The U.S. Navy is opposing the state’s $585 million proposal to fully clean up and contain groundwater pollution coming from the former Northrop Grumman and Navy-owned facilities in Bethpage and accused the state of not basing its plan on science.
State officials defended their process, while Bethpage water and town officials said the Navy and Northrop Grumman, who are responsible for Long Island’s largest groundwater plume containing carcinogenic contaminants, continue to downplay concerns and advocate only for modest steps toward a cleanup.
The Navy’s comments follow Northrop Grumman’s response in August, with the Virginia-based aerospace and defense company calling the state’s cleanup proposal “unnecessary, infeasible, and impractical” — and requesting that it be withdrawn.
Their opposition sets up a potentially fierce fight over the cleanup — and who pays for it. Gov. Andrew M. Cuomo has vowed that if Northrop Grumman and the Navy do not pay for the cleanup, the state will proceed with its plan and seek reimbursement from them later.
The Navy, in a Sept. 6 letter, wrote that the state’s proposal for two dozen water extraction wells, miles of pipes and a series of treatment systems would interfere with remediation plans that already protect public health and fails to consider how difficult it will be to acquire the necessary land in the densely populated area. The letter, submitted as part of the state’s review process, was sent with 17 pages of technical comments.
The state will not adjust its timeline of the proposed cleanup as a result of the letter, according to the New York State Department of Environmental Conservation. The state estimated that it will take five years to fully design and implement the plan, and 110 years to fully clean up the pollution plume.

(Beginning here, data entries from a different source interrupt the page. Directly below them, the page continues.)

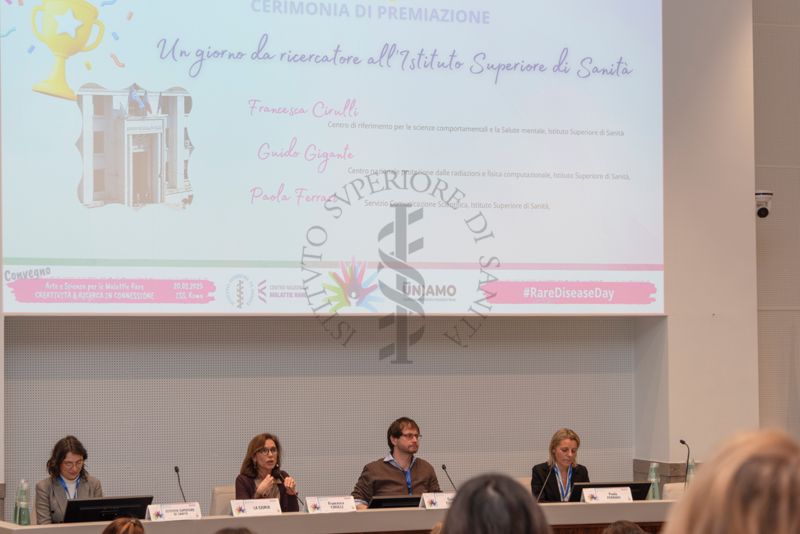 La Dott.ssa. Francesca Cirulli, Direttrice della Ricerca presso il Centro per le Scienze Comportamentali e la Salute Mentale dell'Istituto Superiore di Sanità (seconda da sinistra) illustra uno dei punti del programma della giornata: "Un giorno da ricercatore all'Istituto Superiore di Sanità". Con lei il Dott. Guido Gigante, ricercatore del Centro Protezione dalle Radiazioni e fisica computazionale dell'Istituto Superiore di Sanità (terzo da sinistra) e la Dott.ssa Paola Ferrari del Servizio Comunicazione Scientifica, Coordinatrice del Fondo Rari della Biblioteca dell'ISS (quarta da sinistra)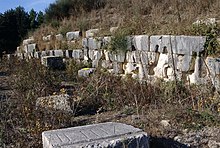 Terrace wall of Octavian's campsite memorial, with cuttings for ship's rams Octavian's campsite memorial at Actium 02.jpg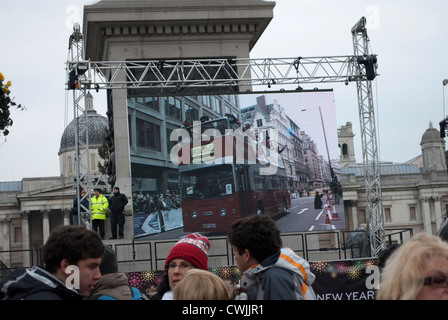 Open topped bus on large display screen at the base of Nelson's Column in Trafalgar Square showing the New Years Day parade Stock Photo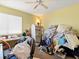 Cluttered bedroom showing personal items, a desk, and minimal furnishings at 1870 Desert Forest Way, Henderson, NV 89012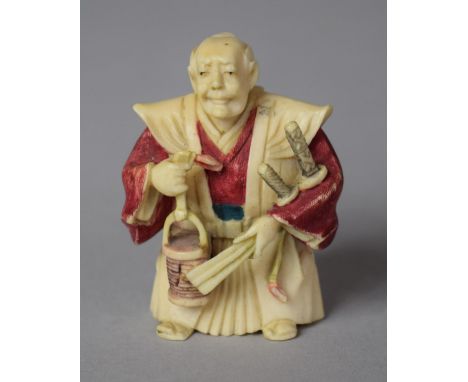 An Early 20th Century Japanese Carved Netsuke in the Form of a Robed Master with Bucket in Hand and Swords Decorated with Pol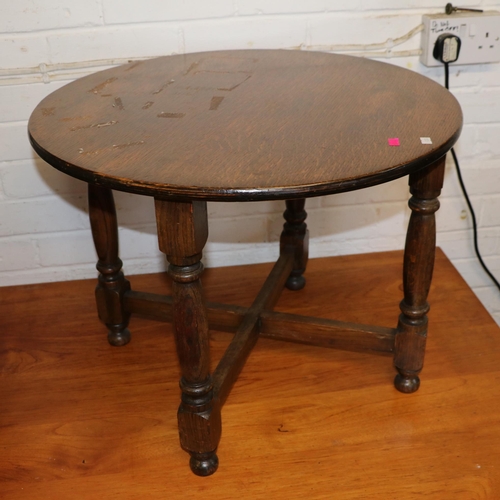 411 - Ebonised antique plank topped, tilt side table together with a circular oak table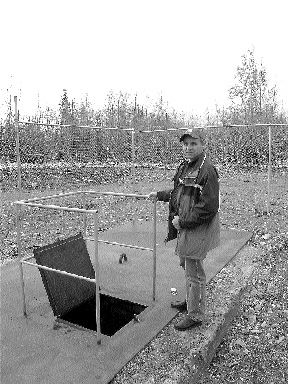 Eugne Gauthier, Northern Star's vice-president of exploration, stands over the opening of the Malartic Goldfields shaft no. 1.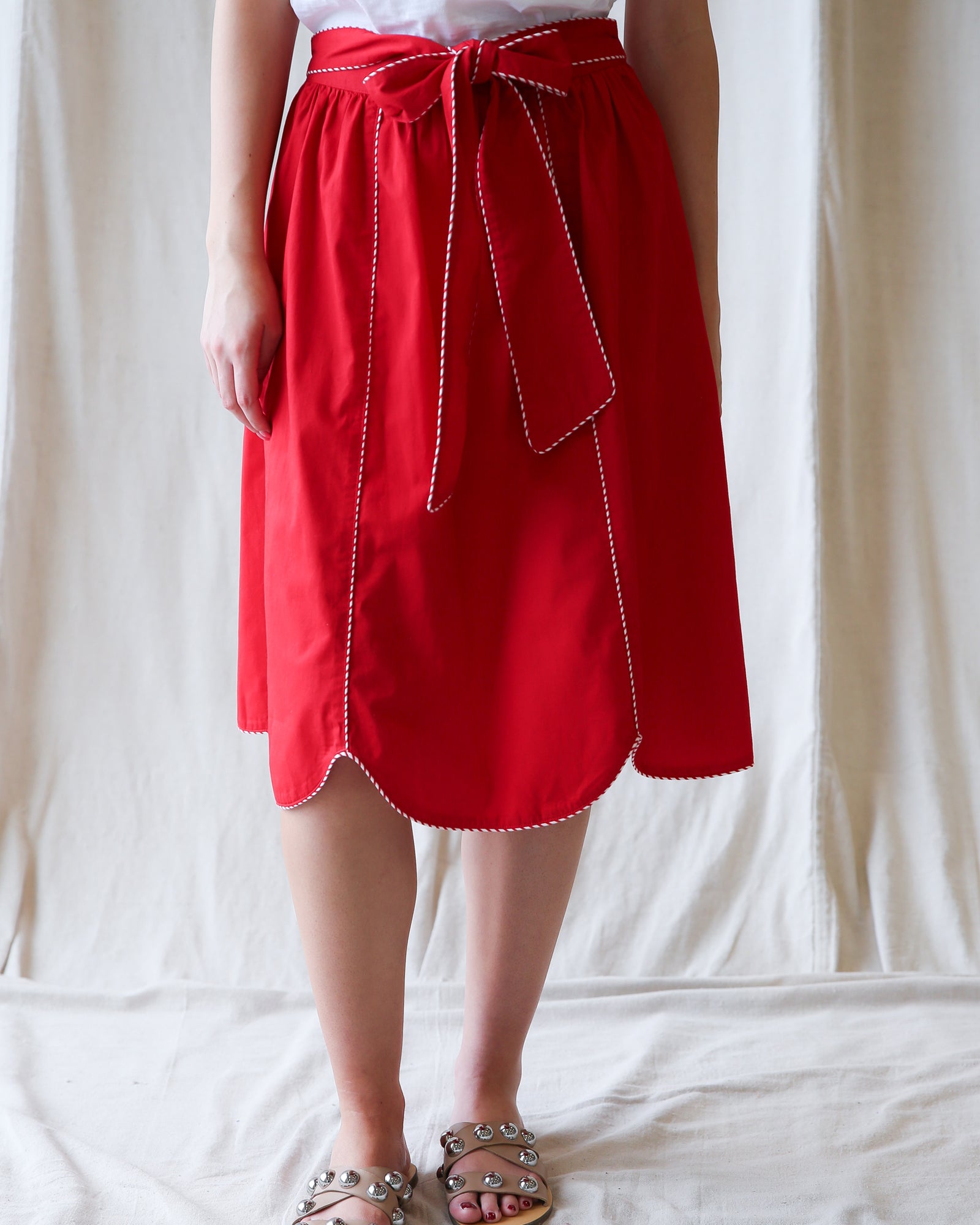 Red skirt with white trim worn by a person on a white background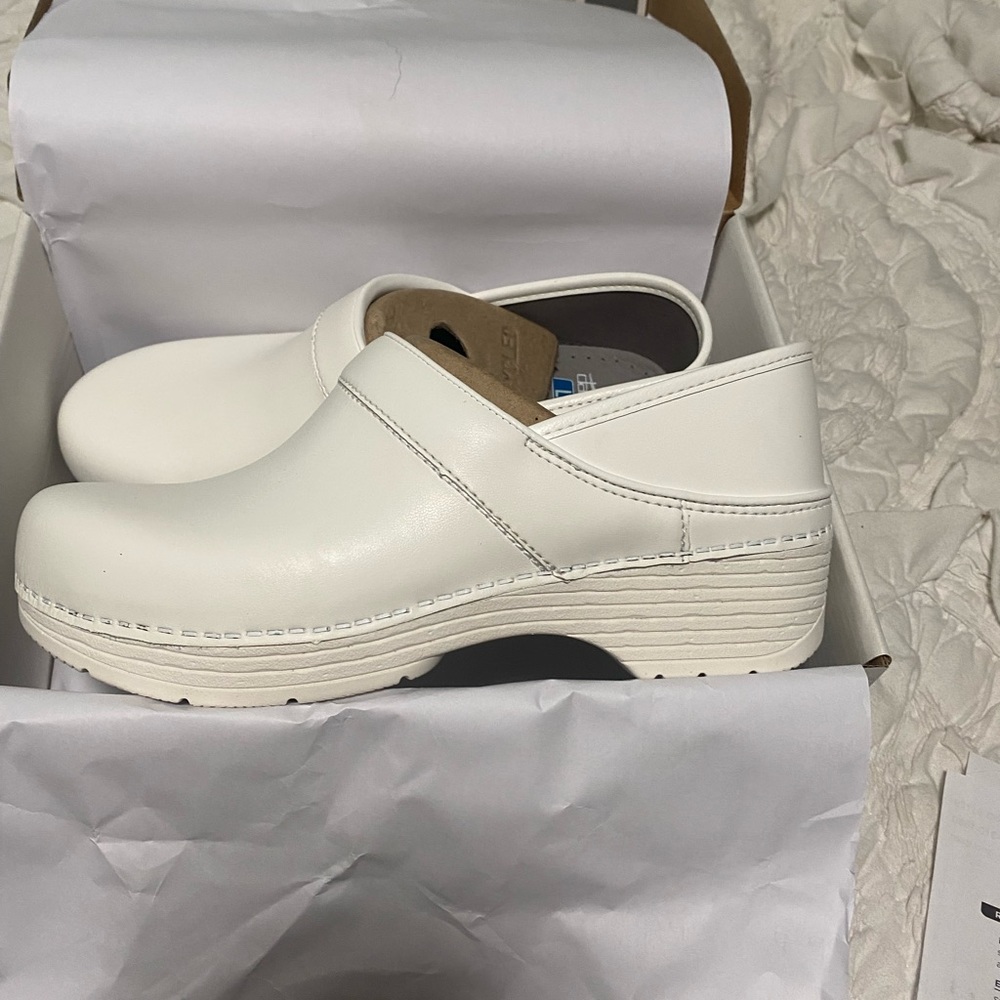 New, still in box Dansko’s nursing clogs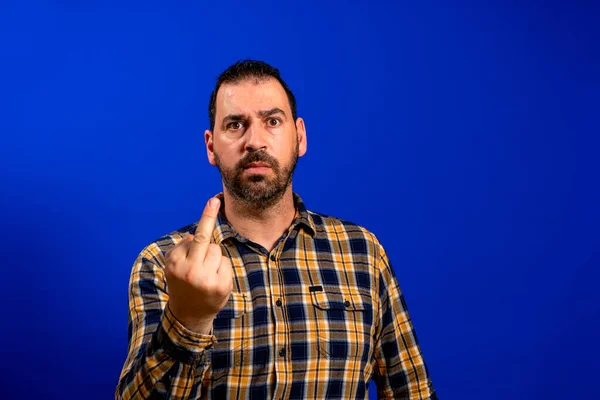 Man wearing casual t-shirt standing over blue isolated background Showing middle finger, impolite and rude fuck off expression — ストック写真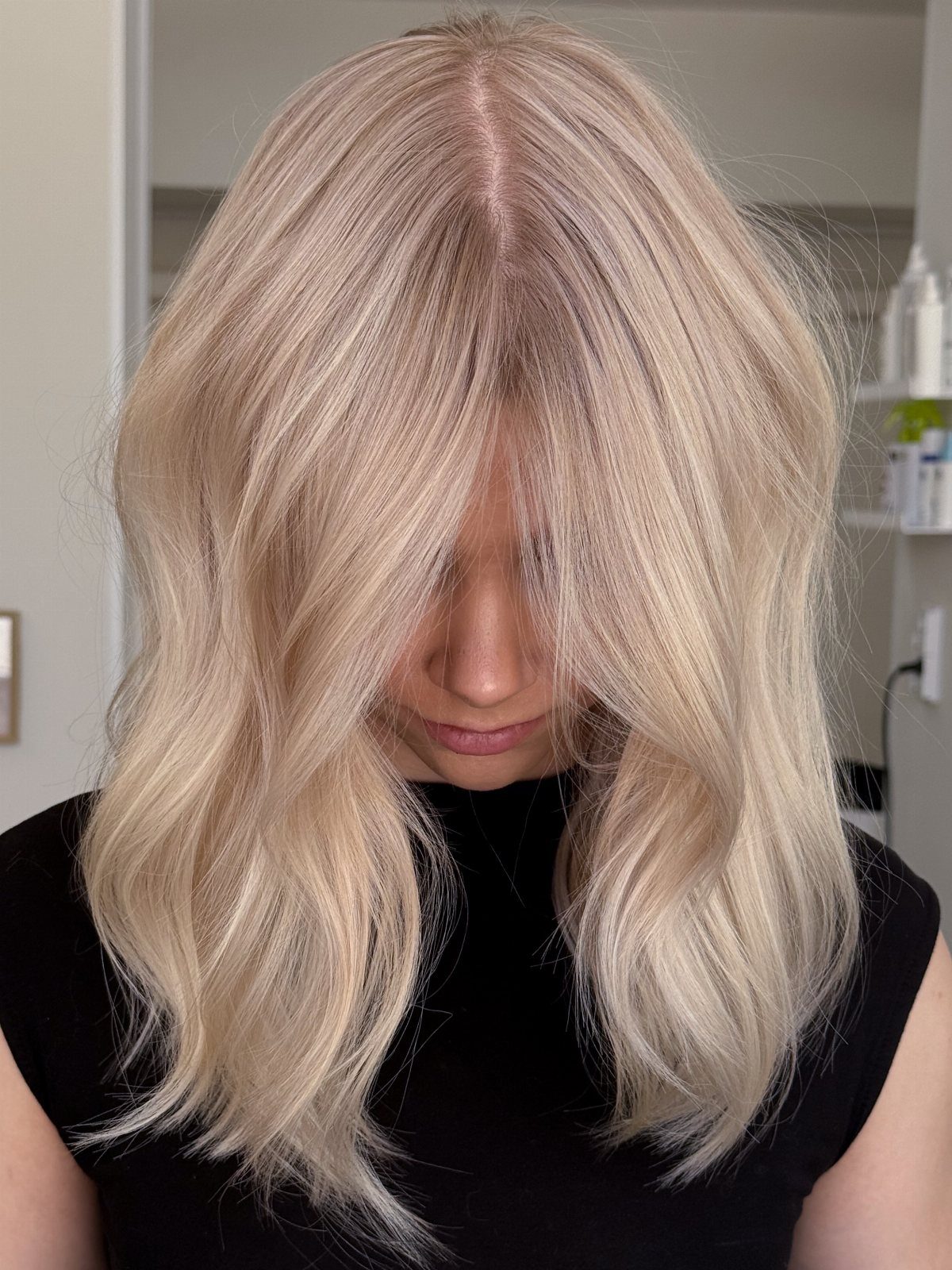 Pale blonde hair falls in soft waves around a woman’s face and shoulders
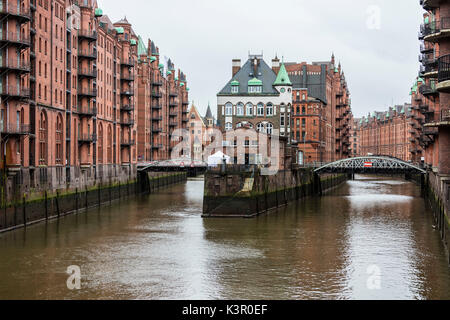 The picturesque water castle between bridges in the center of the canal Poggenmühlenbrücke Altstadt Hamburg Germany Europe Stock Photo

In its broadest criticism, the Navy said the “inadequacies” in the state’s more aggressive approach trace to a 2014 state law that required the state to look at fully containing the plume with a series of wells. That law “marked a dramatic turning point from a collaborative, science-based, and legally grounded remediation strategy to a reverse-engineered, predetermined outcome strategy,” Deputy Assistant Secretary of the Navy Karnig Ohannessian wrote to DEC Commissioner Basil Seggos.
State environmental officials said the plan is based on a $6 million study that includes groundwater modeling done by the U.S. Geological Survey.
The state “has exhaustively investigated the plume using the latest science and technology. We know now that containment and treatment are possible,” Martin Brand, deputy commissioner of remediation and materials management with the DEC, said in a statement.
The 2014 law, signed by Cuomo, led to a preliminary study in 2016 that found hydraulic containment might be feasible, Brand said. In 2017, Cuomo directed the DEC to expand its investigation to conclusively determine if full hydraulic containment was feasible.
Groundwater pollution from the 600-acre cleanup site, 105 acres of which were owned by the Navy, first closed Bethpage Water District drinking water wells in 1976. The state declared it a Superfund site in 1983.
The pollution plume has been spreading a foot per day, and is now 4.3 miles long, 2.1 miles wide at its widest point and up to 900 feet deep, according to the DEC. It contains at least 24 contaminants, including the solvent trichloroethene, or TCE, a human carcinogen, and emerging contaminant 1,4-dioxane, a likely carcinogen that can’t be removed through traditional treatment methods.
Local water officials said the Navy’s approach has led to a growing plume of groundwater pollution spreading south from the center of Nassau County.
“They almost march standing still. They make very little headway moving down the street,” said Mike Boufis, superintendent of the Bethpage Water District. “It just seems to us like another stall tactic and we find it unacceptable.”
Richard Humann, president and CEO of H2M architects + engineers, Bethpage Water District’s longtime consultant, said the existing treatment plan has proved inadequate, though water districts continue to treat water to state and federal standards before it’s delivered to taps.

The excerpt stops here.